Graph algorithms are uniquely suited to understanding structures and revealing patterns in datasets that are highly connected. Nowhere is the connectivity and interactivity so apparent than in big data. The amount of information that has been brought together, commingled, and dynamically updated is impressive. This is where graph algorithms can help make sense of our volumes of data: for both sophisticated analytics of the graph and to improve artificial intelligence by fuelling our models with structural context.
Scientists that study the growth of networks have noted that connectivity increases over time, but not uniformly. Preferential attachment is one theory on how the dynamics of growth impact structure. This idea, illustrated in Figure 1-6, describes the tendency of a node to link to other nodes that already have a lot of connections.
Regardless of the underlying causes, many researchers believe that how a network develops is inseparable from their resulting shapes and hierarchies.
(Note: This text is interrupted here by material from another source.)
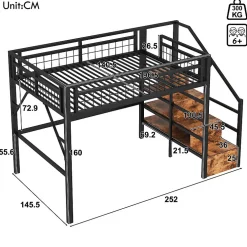 Lit mezzanine 140 x 200 cm - Structure en fer - Éclairage LED - Escalier - Noir (matelas non inclus)><noscript><img width=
Highly dense groups and lumpy data networks tend to develop, in effect growing both data size and its complexity. Trying to “average out” the network, in general, won’t work well for investigating relationships. We see this clustering of relationships in most real-world networks today from the internet to social networks such as a gaming community shown in Figure 1-7.
This is significantly different than what an average distribution model would predict, where most nodes would have the same number of connections. For instance, if the World Wide Web had an average distribution of connections, all pages would have about the same number of links coming in and going out. Average distribution models assert that most nodes are equally connected but many types of graphs and many real networks exhibit concentrations. The Web, in common with graphs like travel and social networks, has a power-law distribution with few nodes being highly connected and most nodes being modestly connected.
We can readily see in Figure 1-8; how using an average of characteristics for data that is uneven, would lead to incorrect results.
This is important to recognize as most graph data does not adhere to an average distribution. Network scientists use graph analytics to search for and interpret structures and relationship distributions in real-world data.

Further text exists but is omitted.